> _Your objective_: Each line of the records is to be returned verbatim, with the images omitted.

Image-text web data

-------

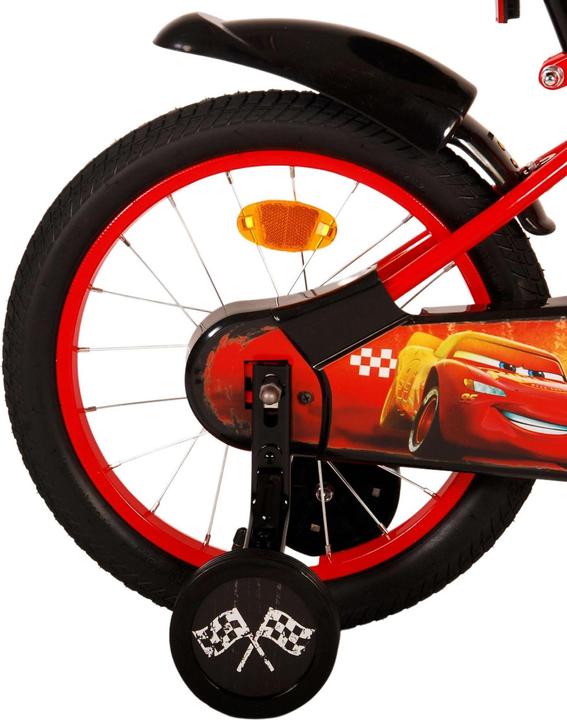 Actual product image Disney Cars (16")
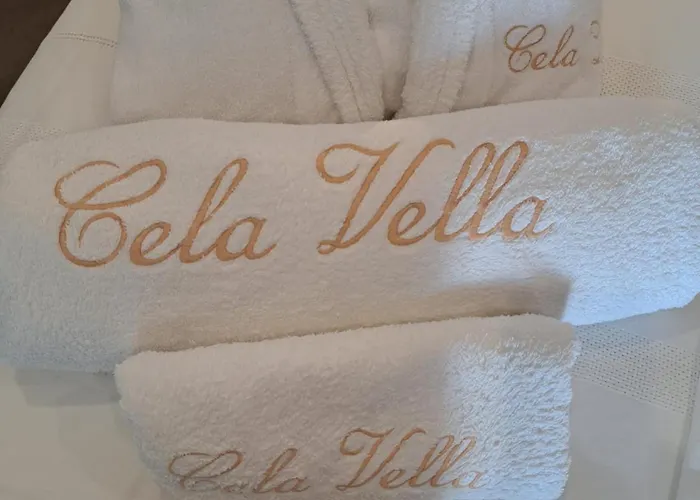 Villa Hc Luxury Celavella *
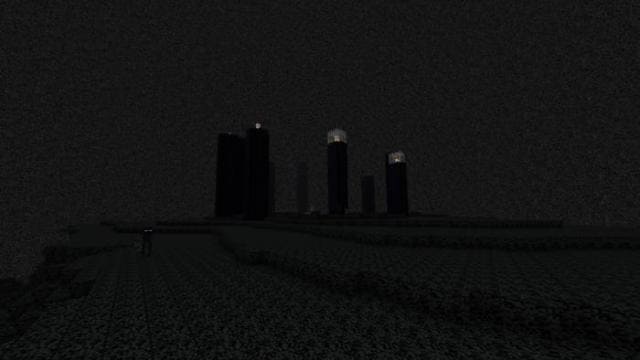 The Shade — screenshot 2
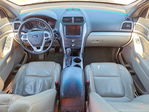 Ford Explorer 2012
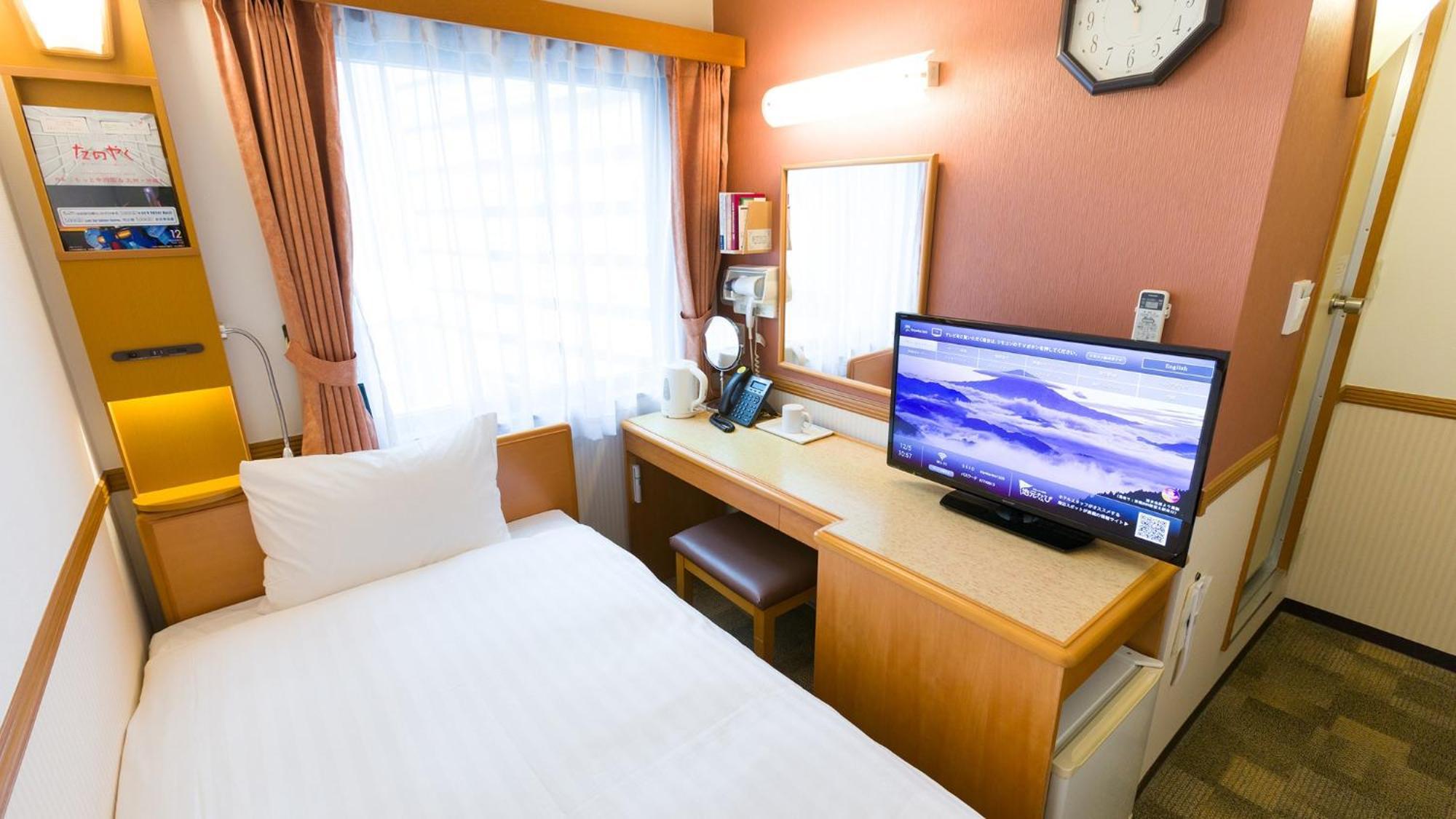 Toyoko Inn Hamamatsu Eki Kita Guchi Kamer foto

-------

> _Reply to the exercise_:
 Actual product image Disney Cars (16")
 Villa Hc Luxury Celavella *
 The Shade — screenshot 2
 Ford Explorer 2012
 Toyoko Inn Hamamatsu Eki Kita Guchi Kamer foto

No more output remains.